* _REQUIRED WORK_
Retype the data exactly, leaving nothing out.

* _DATA EXCERPT_
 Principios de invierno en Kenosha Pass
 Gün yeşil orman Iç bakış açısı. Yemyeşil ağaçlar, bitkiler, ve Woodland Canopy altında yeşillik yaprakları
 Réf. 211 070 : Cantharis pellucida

* _WRITTEN RESPONSE_
 Principios de invierno en Kenosha Pass
 Gün yeşil orman Iç bakış açısı. Yemyeşil ağaçlar, bitkiler, ve Woodland Canopy altında yeşillik yaprakları
 Réf. 211 070 : Cantharis pellucida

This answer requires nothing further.